I am not here, at this moment, to write a review of The Courage To Be, but rather I mention it here to entice you and to illustrate a point in a broader discussion. We are living in a new age of anxiety. A post-modern, presentist age where online algorithms push twenty-four hour news cycles and cultural binary gamification; it’s “fear of the other” and “what’s new” distractions, it’s mind games in the cyberspace pews of the Cult of Now. We are hooked to our digital devices, on a morphine drip of questionable (but rarely questioned) information. Passive receivers brainwashed into “true” believers, all fooled into the belief that we are thinking our own thoughts, forming our own opinions, mixing our own unique kool-aid. Instead, we have fallen victim to groupthink, to a narrowing of the cultural conversation, a limiting of the range of possibilities and an under-estimation of our human potential. But we are plugged in! We are in the know! We are in the Now! We are artificially intelligent.

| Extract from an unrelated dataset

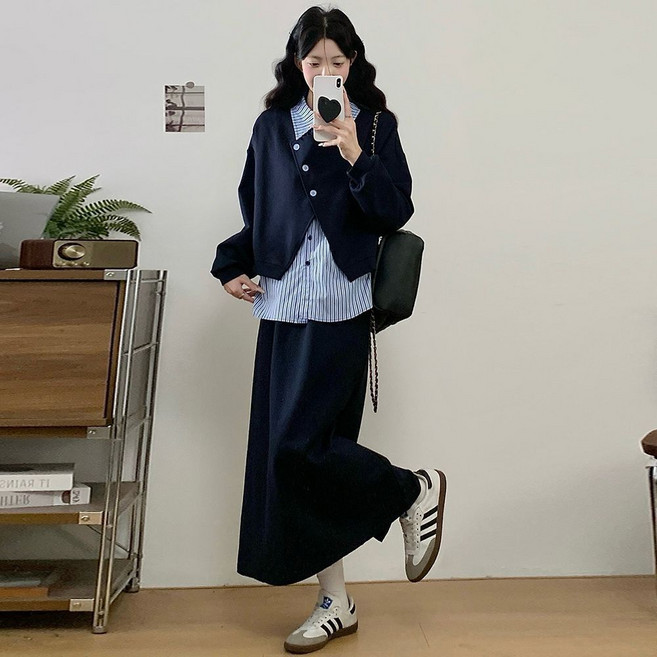 캐주얼 여성복 투피스 빅사이즈 루즈핏 패치 맨투맨 + 롱 스커트 봄 가을 여자 트레이닝복 세트 YJW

Our mistake is that we have narrowed the focal point on our cultural lens to such a degree that we can not see the forest for the trees, as the old saying goes. We are under the strange and myopic impression that the human story that we are all partaking in is a Netflix series that just came out last week, and which we can binge watch while laying in bed and scrolling through our instagram, instead of what it actually is: a huge, intimidating, sprawling sacred book full of intertwining  stories and layers of meaning, hidden truths, strange parables, paradox and supernatural wonders. That is our story. The world that we are now living in wasn’t born yesterday. If we want to understand it, if we want to be equipped to deal with it, then we have to be willing to go back to the beginning and read the sacred texts of the ancient world, the philosophies and mythologies of the Greeks, the Torah of the Hebrews, the New Testament, The Bhagavad-Gita, the Diamond Sutra. We have to follow the line through the middle ages and the mystics and alchemists and esotericists. We have to read Shakespeare and Dante and Kempis and Darwin and Spinoza and William Blake. We would do well to engage with Walt Whitman and Dorothy Day and E.E. Cummings and Teresa of Avila and Flannery O’Conner and Adorno and Jacques Ellul and Guy Debord and Aldous Huxley. Read Twain and Emerson and Baldwin and Eldridge Cleaver if you want to learn something about America. Read. Don’t listen to the audio book. In a time of mass confusion and mass distraction, we need to have the courage to unplug from the machine, the courage to broaden our view, the courage to explore the breadth of the human experience, the courage to read.